Lee University's Faculty Cultural Diversity Committee will host a series of events beginning Jan. 16, commemorating the work, theology, and philosophy of Dr. Martin Luther King, Jr. The events will consist of lectures, MLK-themed chapel services, a film showing, and a student panel.

“These events are an invitation for the Lee and Cleveland communities to celebrate diversity and to grow in our sense of empathy and understanding,” said Dr. Mary McCampbell, associate professor of humanities. “We also want to explore the prophetic truth of Dr. King’s famous assertion: ‘Life’s most persistent and urgent question is, ‘What are you doing for others?’”

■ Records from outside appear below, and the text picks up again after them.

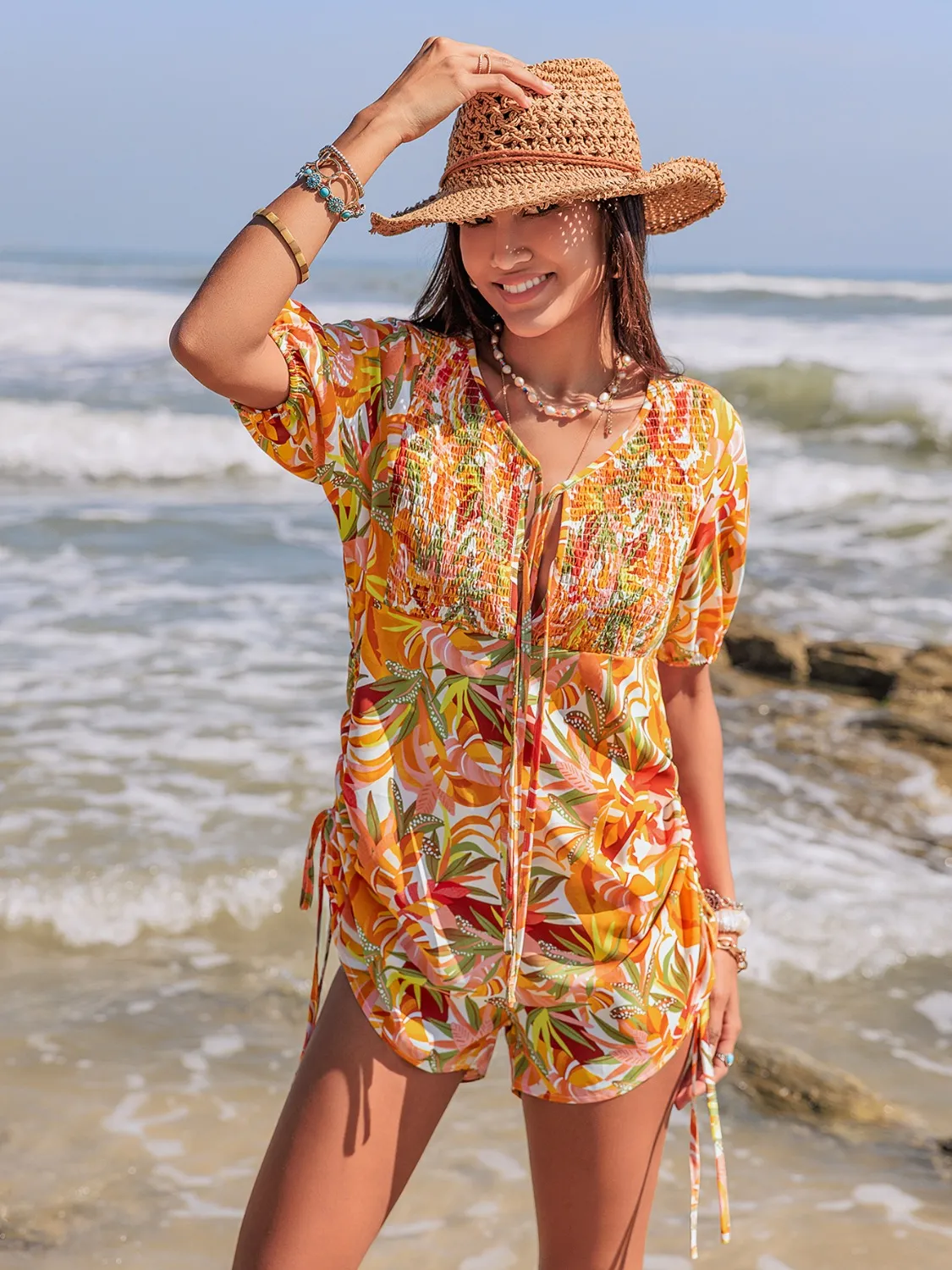 Smocked Printed Tie Neck Romper - Image 3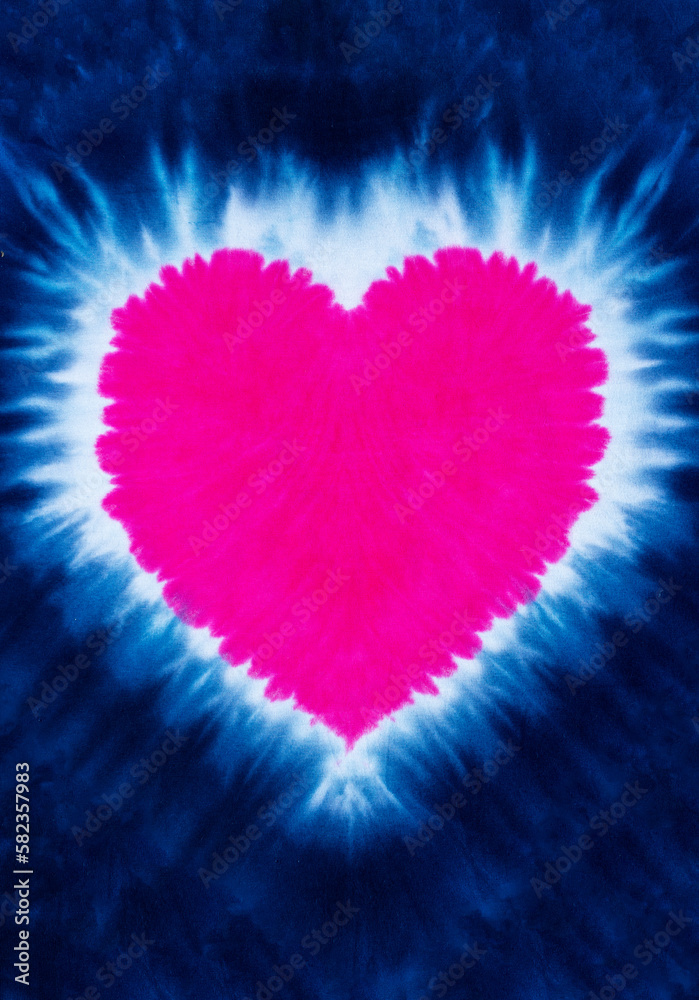 heart shape tie dye pattern hand dyed on cotton fabric abstract texture background.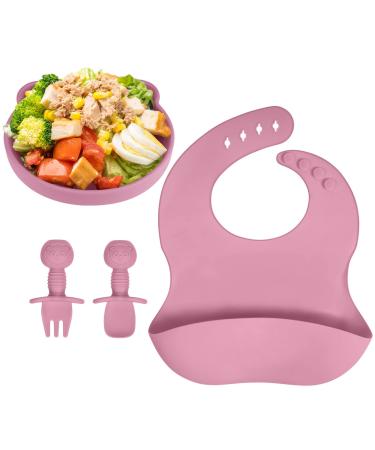 Vicloon Baby Weaning Set 4 Pcs Silicone Baby Feeding Set Baby Suction Plate Bib Spoon and Fork BPA Free Silicone Feeding Set Toddlers and Kids Plates Set Gift for Kids (Pink) Bear Sucker-pink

On Monday evening, Jan. 16, Lee will host the annual Dream Keeper awards ceremony on campus at 6:30 in the Conn Center. Initiated by the Ministerial Fellowship, the NAACP, and the 100 Black Men of Bradley County, the Dream Keeper Award is given to honor the academic achievements of students in grades seven through twelve. This year’s ceremony features the music of Lee's Evangelistic Singers (EVS) and an address from Mr. Greg Bagby, principal of Barger Academy of Fine Arts in Chattanooga.

Ron Hill, pastor of Cleveland Church of God Sanctified, will speak in chapel on Tuesday, Jan. 17, at 10:40 a.m. in the Conn Center. Hill served for 33 years in education with Cleveland City Schools as a classroom teacher, assistant principal, and principal. Since 2009, he has served as one of the field experience supervisors for student teachers from Lee University.

Later on Tuesday, the “Leebertarian” student club will host a lecture titled, “Let Justice Roll Down: MLK & Black Lives Matter,” by McCampbell. The lecture will focus on the similarities and differences between MLK’s approach and philosophy and that of the Black Lives Matter movement. This event will take place at 7 p.m. in Johnson Lecture Hall, located in Lee’s Humanities Center.

On Wednesday, Jan. 18, there will be a showing of Ava Duvernay’s powerful documentary, “13th,”which traces the narrative of black criminalization from the Reconstruction era to 2016. The movie will be shown in the Communication Arts Building, and snacks will be served before the film. After the film, attendees can participate in a discussion led by Dr. Arlie Tagayuna, assistant professor of sociology.

The week’s events continue on Thursday evening, Jan. 19, with a student panel, “Telling to Live: Testimonies of African American Students,” an opportunity for students to learn from their peers who will highlight their own experiences as African Americans in contemporary America. This event is sponsored and organized by the Student Leadership Council, and it will take place at 7 p.m. in the Edna Minor Conn Theater, located on the top floor of Lee’s Vest Building.

The week’s final event is a Student Leadership Council led workshop/discussion, “Help Me Be Sensitive,” that will be held on Friday, Jan. 20 at 7 p.m. in the Dixon Center.

“This will be a time to discuss discrimination as it relates to race, gender, and religion, and a chance to learn together how to steward our privilege,” said Jill Welborn, the club’s staff sponsor and director of Student Development.

All events are free and open to the public.